WHAT THE TASK REQUIRES — Once you reach the line that holds "Жени от непознати" in the listing below, output it and every line after it through the line that holds "Casa à venda", word for word.

ENTRIES SHOWN START

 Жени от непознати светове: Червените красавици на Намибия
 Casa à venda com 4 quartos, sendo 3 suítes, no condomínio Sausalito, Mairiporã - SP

ENTRIES SHOWN END
ENTRIES SHOWN START

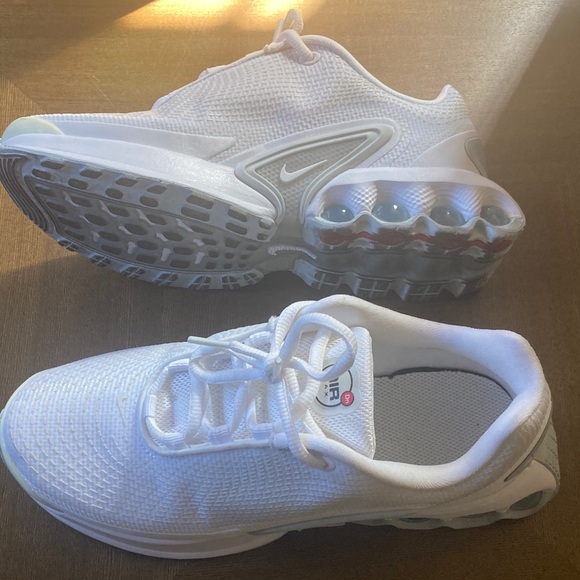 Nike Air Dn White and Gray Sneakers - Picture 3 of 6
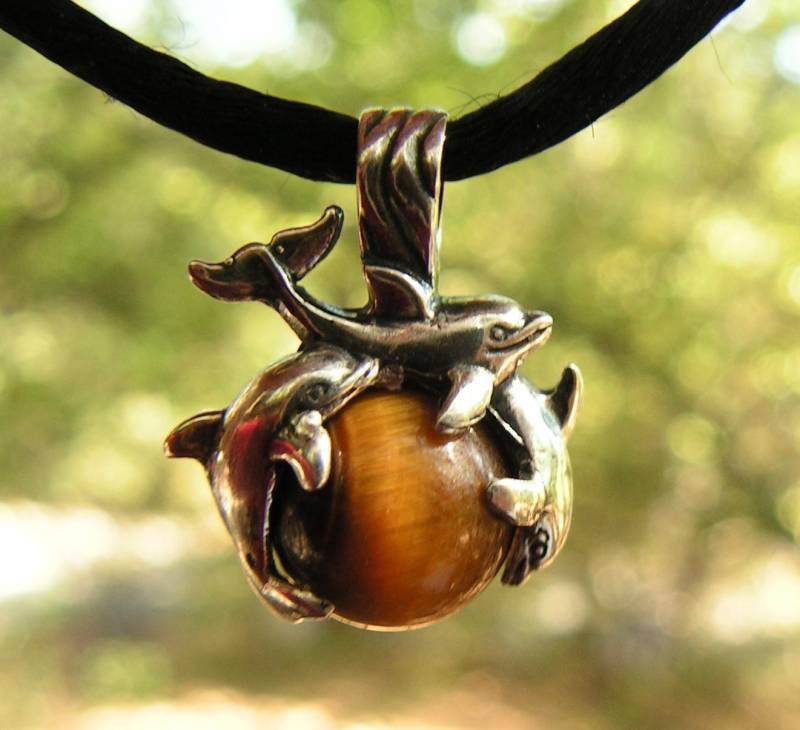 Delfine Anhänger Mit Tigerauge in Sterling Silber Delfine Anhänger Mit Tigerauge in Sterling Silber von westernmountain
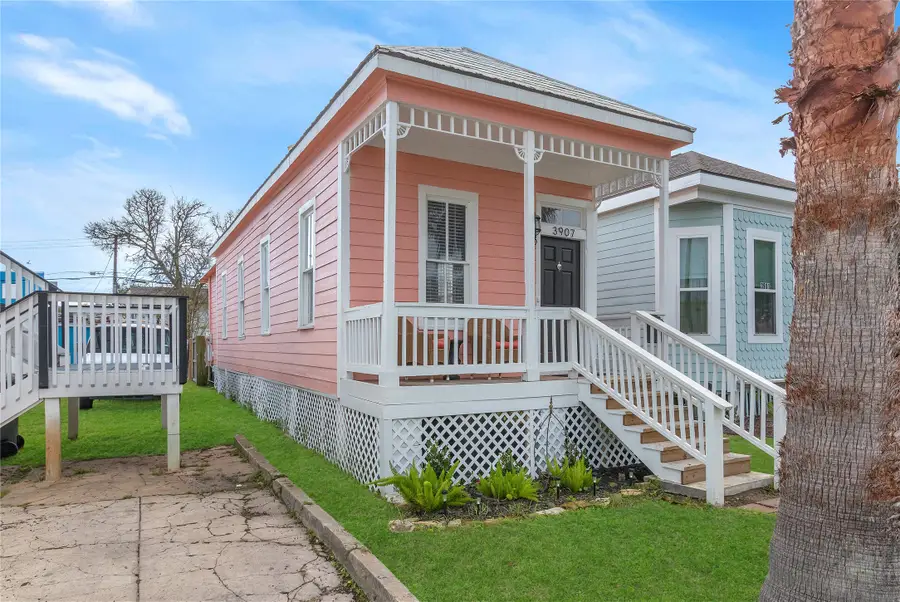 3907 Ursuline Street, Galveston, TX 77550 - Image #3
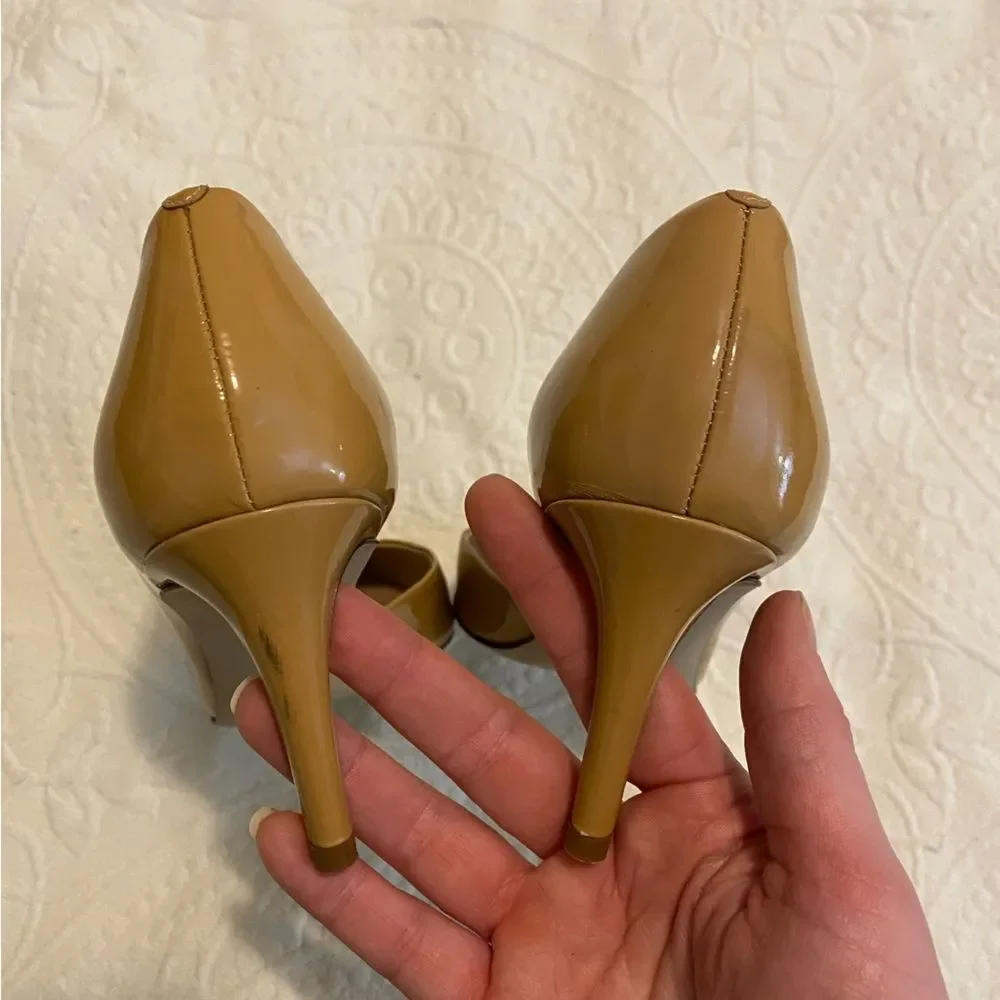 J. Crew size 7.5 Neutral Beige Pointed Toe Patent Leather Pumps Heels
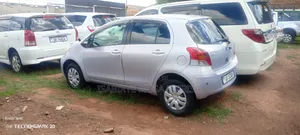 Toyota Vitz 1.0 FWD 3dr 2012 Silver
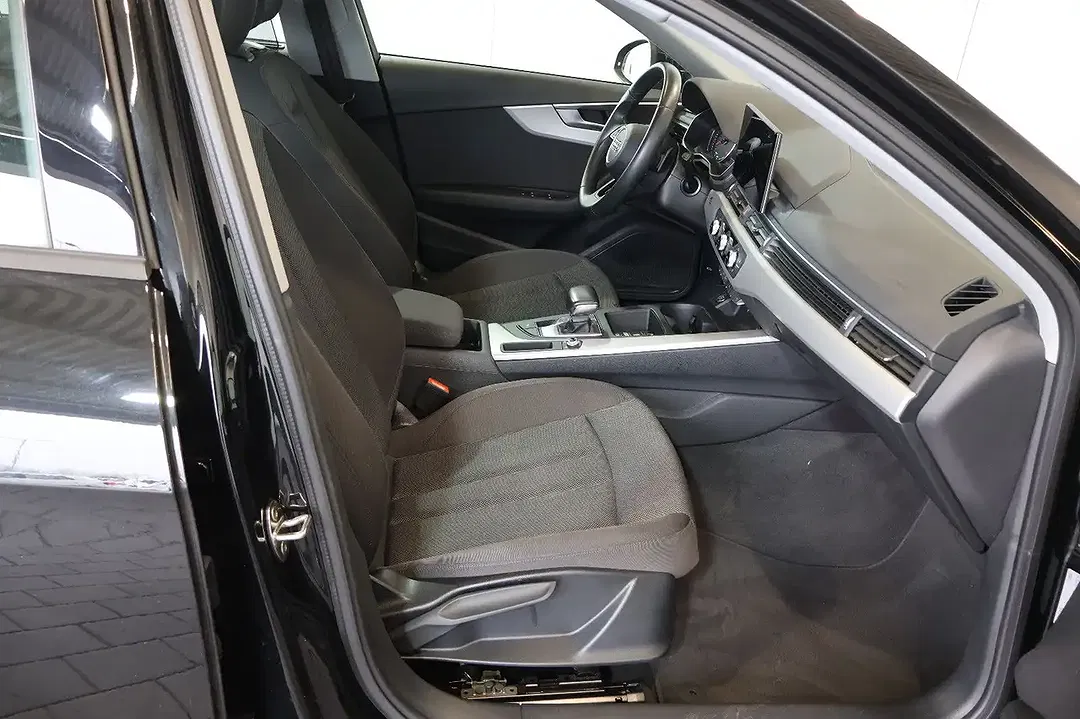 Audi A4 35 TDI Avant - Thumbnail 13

ENTRIES SHOWN END
ENTRIES SHOWN START

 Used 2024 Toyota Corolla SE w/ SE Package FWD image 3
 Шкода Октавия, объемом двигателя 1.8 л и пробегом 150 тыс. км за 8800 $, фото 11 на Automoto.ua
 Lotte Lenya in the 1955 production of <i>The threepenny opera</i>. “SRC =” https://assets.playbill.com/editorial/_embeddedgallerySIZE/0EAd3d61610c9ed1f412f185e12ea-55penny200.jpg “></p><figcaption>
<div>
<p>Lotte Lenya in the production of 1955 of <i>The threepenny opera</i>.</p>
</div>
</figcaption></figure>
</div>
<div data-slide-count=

ENTRIES SHOWN END

COMPLETED EXERCISE —
 Жени от непознати светове: Червените красавици на Намибия
 Casa à venda com 4 quartos, sendo 3 suítes, no condomínio Sausalito, Mairiporã - SP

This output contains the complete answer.